His masters’ voice: Hamid Mir, Taliban and the ISI – by Shiraz Paracha
LUBP Exclusive
Veteran Pakistani journalist Shiraz Paracha has very kindly written the following note in appreciation of LUBP.
Over his long experience as a professional journalist, Mr Paracha has contributed hundreds of news reports, analytical articles and opinion pieces on Afghanistan, Pakistan and Central Asia for a variety of media outlets around the world. He has an extensive background in media and management, working with teams of journalists and researchers all over the world.

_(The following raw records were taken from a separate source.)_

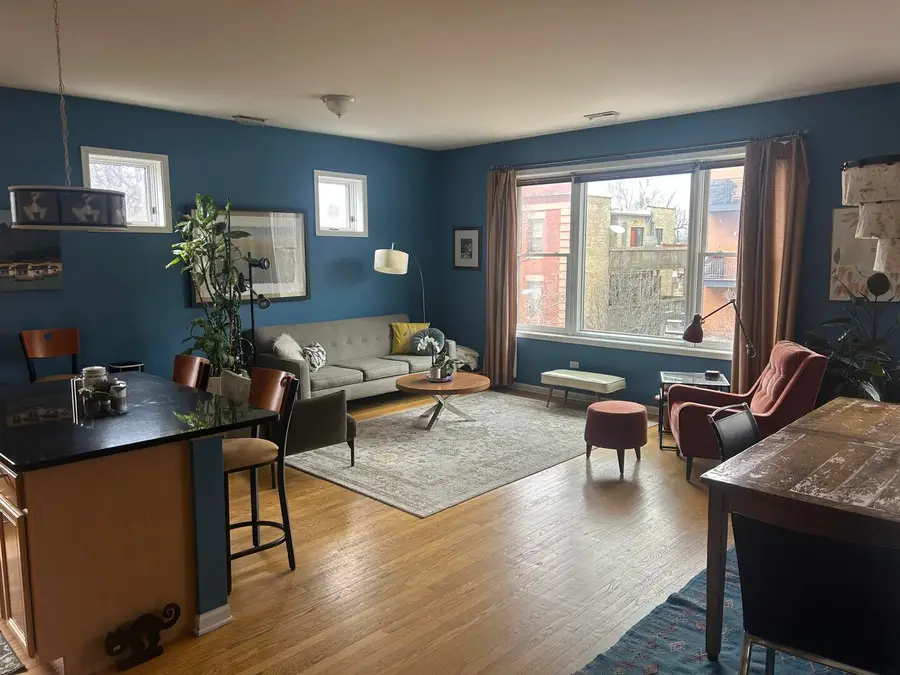 4149 N Kenmore Avenue #3S, Chicago, IL 60613 - #2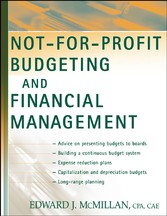 Not-for-Profit Budgeting and Financial Management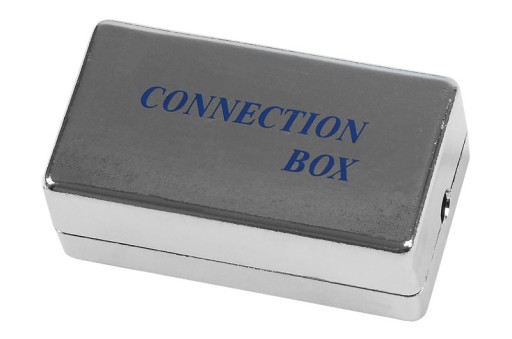 Pripojovací box Krone cat5e STP na povrch
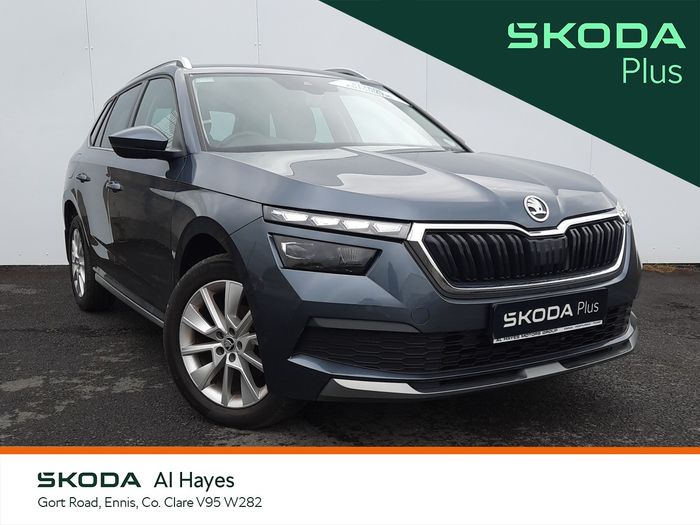 Skoda Kamiq 2022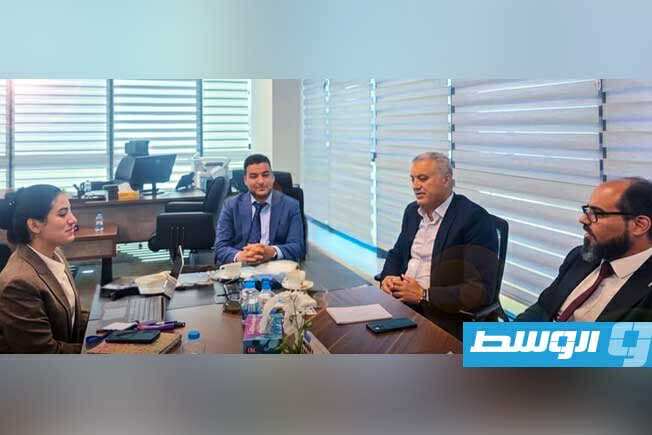 تنسيق بين ديوان المحاسبة ومؤسسة النفط لضمان تحقيق أهداف التنمية المستدامة
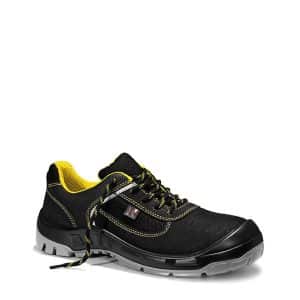 Jori Sicherheitshalbschuh JoColour Yellow Low S1P Gr. 38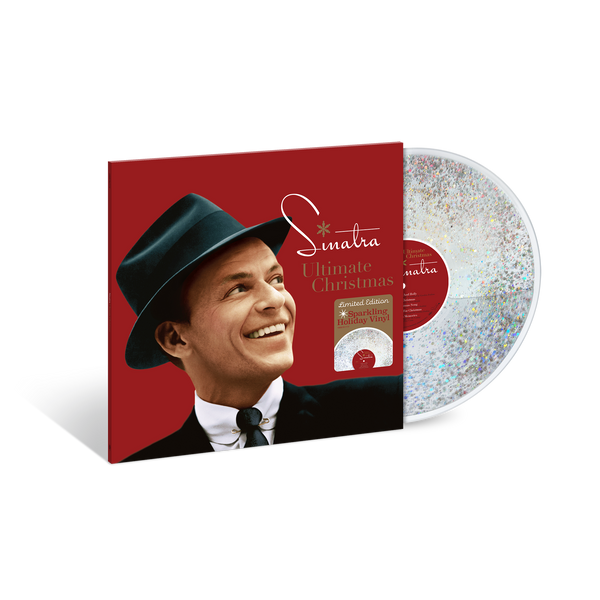 Frank Sinatra - Ultimate Christmas (Sparkling Holiday Series) (Liquid Glitter Vinyl)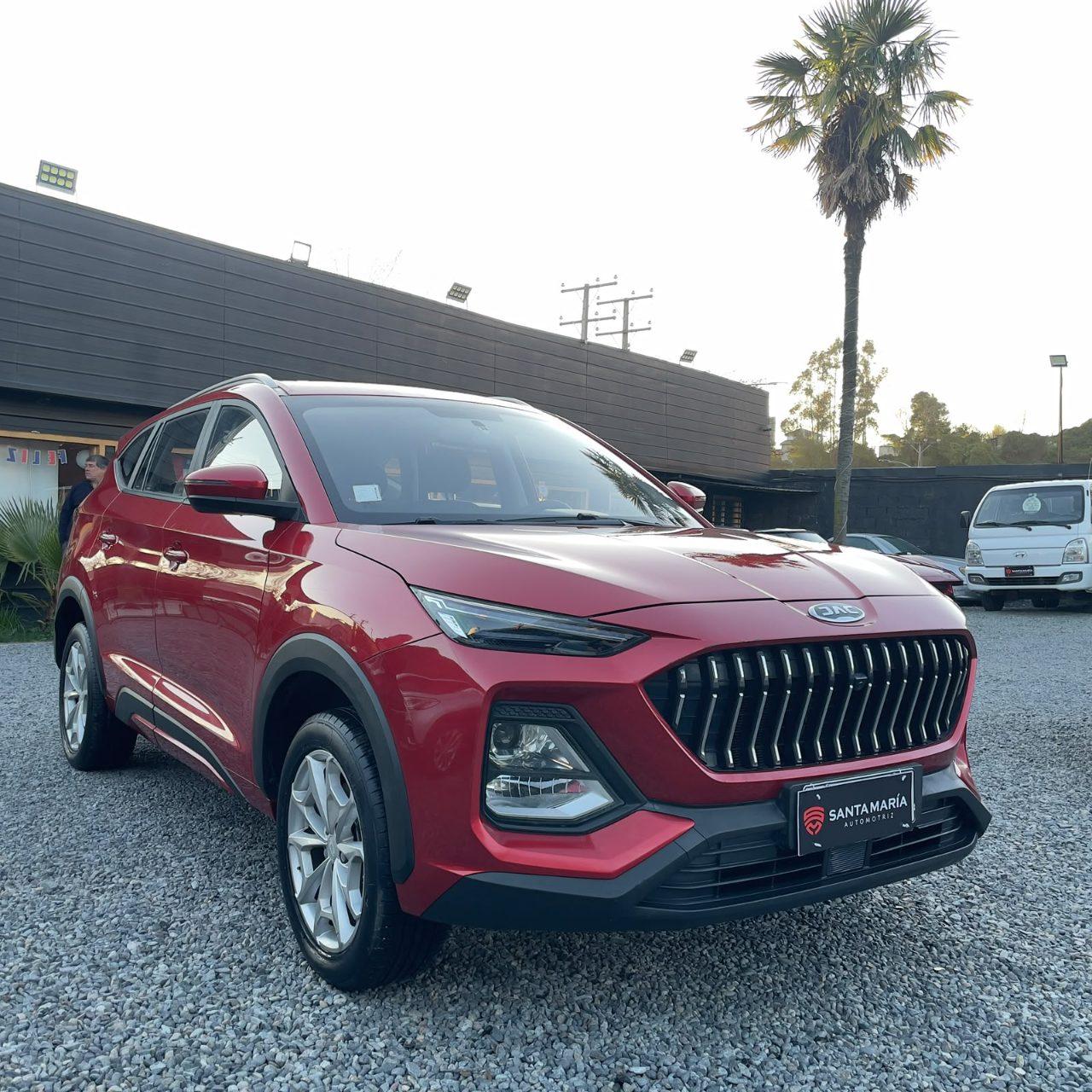 JAC Js8 — foto 2 de 40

Mr Paracha has also written an exclusive article (provided below) highlighting the sinister agenda of Pakistan’s ISI and certain elements in Pakistani media whose analyses and reports on Taliban and Afghanistan are tightly in line with their masters’ voice in the ISI.
Dear members of LUPB,
You are doing a wonderful job. Traditional media monopolies must be broken. I would like to share with your readers some information that may help understand the present role and character of some Pakistani journalists.
Shiraz Paracha
Journalist/analyst
Cheswick London
His masters’ voice: Hamid Mir, Taliban and the ISI
I was a journalist in Pakistan between 1986 and 1998. Also, in the 1990s, I hosted and managed a talk show, ‘Awami Forum’ that was produced at PTV Peshawar studios. Once I invited Hamid Mir on our show, it was probably his first appearance on such a TV program. He was not very confident and said something that surprised the other guests on the Show.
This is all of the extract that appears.